Xiang Jie, Zhang Zhentao, Wu Shengxi, Ye Keqiang
Department of Neurobiology, Fourth Military Medical University, Xi'an, 710032, China.
Department of Neurology, Renmin Hospital of Wuhan University, Wuhan, 430060, China.
Mol Neurodegener. 2025 Jan 5;20(1):1. doi: 10.1186/s13024-024-00787-9.

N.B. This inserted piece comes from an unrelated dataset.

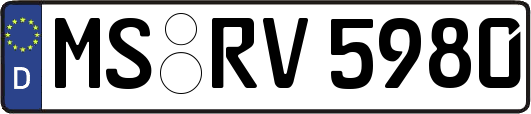 MS-RV5980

Synucleinopathies, such as Parkinson's disease, dementia with Lewy bodies, and multiple system atrophy, are characterized by the aggregation of α-synuclein. Variations in brain distribution allow for differentiation among these diseases and facilitate precise clinical diagnosis. However, distinguishing between synucleinopathies and Parkinsonism with tauopathies poses a challenge, significantly impacting clinical drug development. Therefore, molecular imaging is crucial for synucleinopathies, particularly for clinical diagnosis, assessment of drug efficacy, and disease surveillance. In recent years, advances in molecular imaging have led to rapid development of α-synuclein-specific tracers for positron emission tomography (PET), most of which are still in pre-clinical stages. Interestingly, some of these tracers share similar compound skeletal structures and are currently undergoing optimization for clinical application. Despite this progress, there remain challenges in developing α-synuclein tracers. This review summarizes recent findings on promising PET tracers and discusses representative compounds' characteristics while offering suggestions for further research orientation.
突触核蛋白病,如帕金森病、路易体痴呆和多系统萎缩,其特征是α-突触核蛋白聚集。脑部分布的差异有助于区分这些疾病,并有助于进行精确的临床诊断。然而,区分突触核蛋白病和伴有tau蛋白病的帕金森综合征具有挑战性,这对临床药物开发产生了重大影响。因此,分子成像对于突触核蛋白病至关重要,特别是对于临床诊断、药物疗效评估和疾病监测。近年来,分子成像的进展促使用于正电子发射断层扫描(PET)的α-突触核蛋白特异性示踪剂迅速发展,其中大多数仍处于临床前阶段。有趣的是,其中一些示踪剂具有相似的复合骨架结构,目前正在进行临床应用优化。尽管取得了这一进展,但在开发α-突触核蛋白示踪剂方面仍存在挑战。本综述总结了关于有前景的PET示踪剂的最新发现,讨论了代表性化合物的特征,同时为进一步的研究方向提供了建议。